23 December 2017

HAMAS IS ARRESTING AND TORTURING JIHADIS TO PREVENT WAR WITH ISRAEL

BY JACK MOORE 

Palestinian militant group Hamas has arrested and tortured jihadis in the Gaza Strip, the blockaded territory it presides over, in a bid to prevent rocket fire into Israel and a new round of conflict.

President Donald Trump recognized Jerusalem as the capital of Israel on December 6, setting off protests among Palestinians in the West Bank and Gaza.

According to Israeli newspaper Haaretz, Hamas arrested jihadis who it believed were responsible for the rocket launches, and it is likely they had been tortured by Hamas security forces.

A Hamas spokesman did not respond to a request for comment.

Several dozen rockets have been fired into Israeli territory in reaction to the announcement of the embassy move, but Hamas blames hardline Salafists for the launches. The militant group, which has fought three wars with Israel since 2007, has relayed to Egyptian intelligence that it does not seek an escalation with Israel.

More than half the rockets have fallen short of Israeli territory, but several have landed near residential areas south of the Israeli border cities of Ashkelon and Sderot.

Hamas militants take part in a rally marking the 30th anniversary of the founding of the Islamist movement, in Gaza City, on December 14. Hamas has arrested and tortured jihadis in the Gaza Strip, the blockaded territory it presides over, in a bid to prevent rocket fire into Israel and a new round of conflict.

The rocket fire has continued, two weeks after Trump’s historic decision to move the embassy, the first sitting U.S. president. The prolonged period could be a result of Hamas’s unwillingness to put a stop to the launches as quickly as possible because of the vehement opposition to Trump’s decision in the enclave, or an inability of its forces to restrict such launches.

Israel has launched air raids on Hamas’s military targets in Gaza as it holds the group responsible for any rocket fire from the territory. So the jihadi rocket launches threaten a new round of conflict that Hamas does not want.

The last war, which lasted for seven weeks in the summer of 2014, saw the Israeli military kill more than 2,200 Palestinians, according to U.N. figures, in return for rocket fire and in an operation to destroy the group’s network of smuggling and attack tunnels into Israeli territory.

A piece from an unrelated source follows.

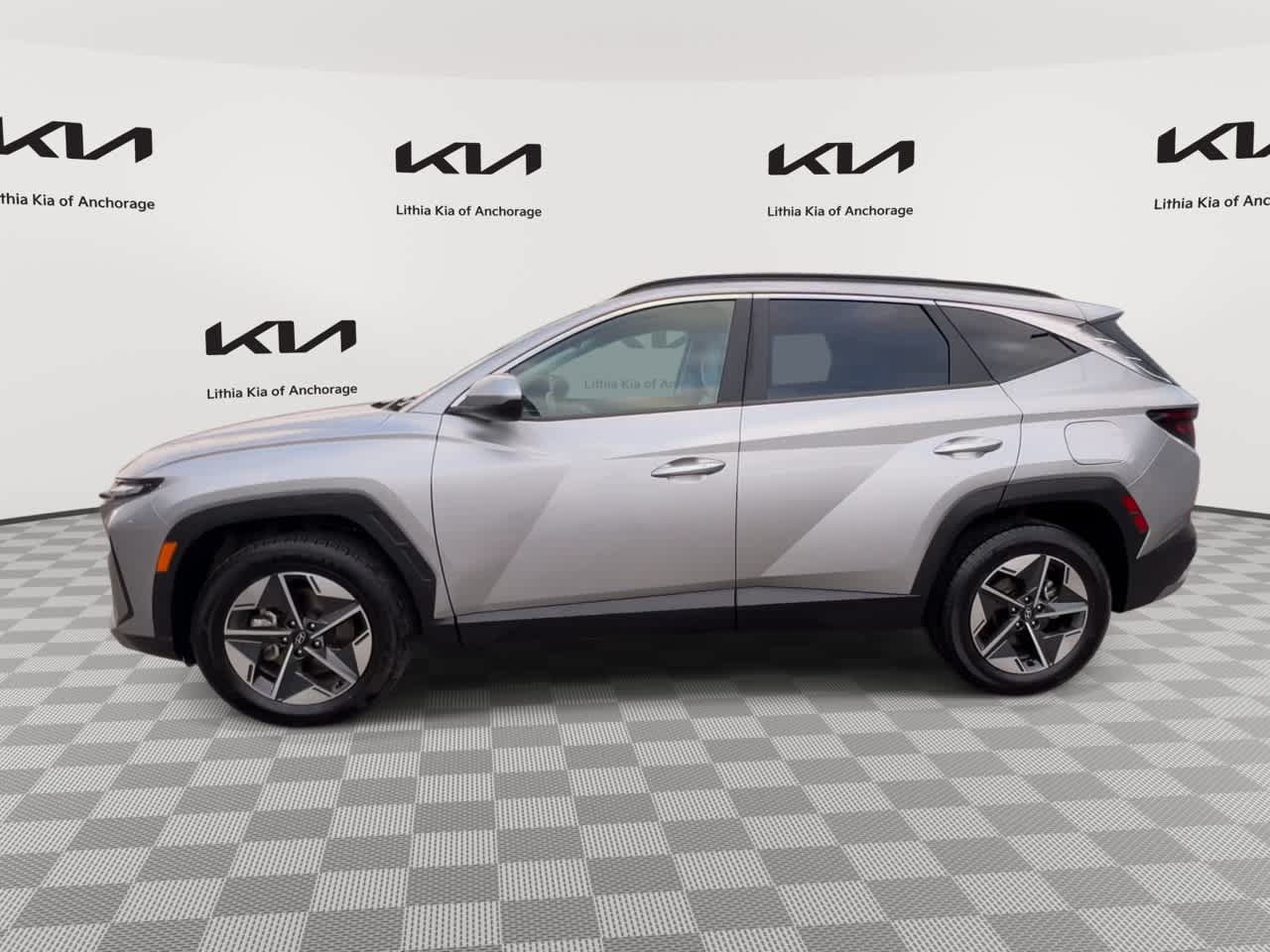 Used 2025 Hyundai Tucson SEL AWD/4WD image 7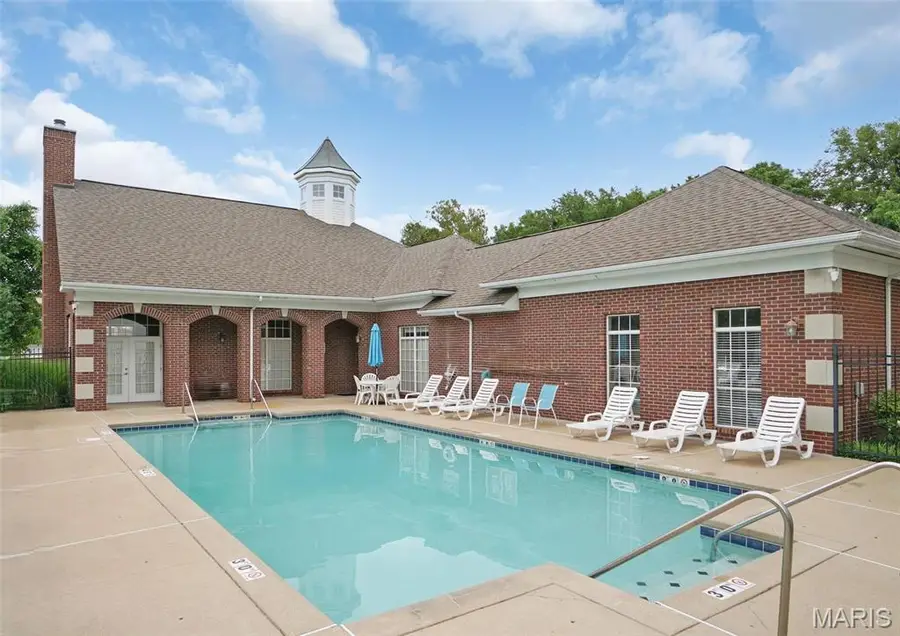 39 Kassebaum Lane #305, Saint Louis, MO 63129 - #3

The Israeli mission, known as Operation Protective Edge, drew condemnation from the international community and rights groups as a disproportionate response to Hamas’s rocket fire. More than 70 Israelis died in the war, the majority of them Israeli soldiers.

Israel’s right-wing government, for its part, is holding back on a conflict in Gaza as Trump continues to take decisions in Israel’s favor after years of delicate U.S. maneuvering on the conflict with the Palestinians.

Israel has maintained an economic, sea and air blockade on the Gaza Strip since 2007 for security reasons. The restrictions, coupled with three rounds of war, have left Gaza’s economy battered, its people the most unemployed in the world, and its conditions “unlivable,” according to the U.N. Egypt also controls a restricted crossing in and out of Gaza.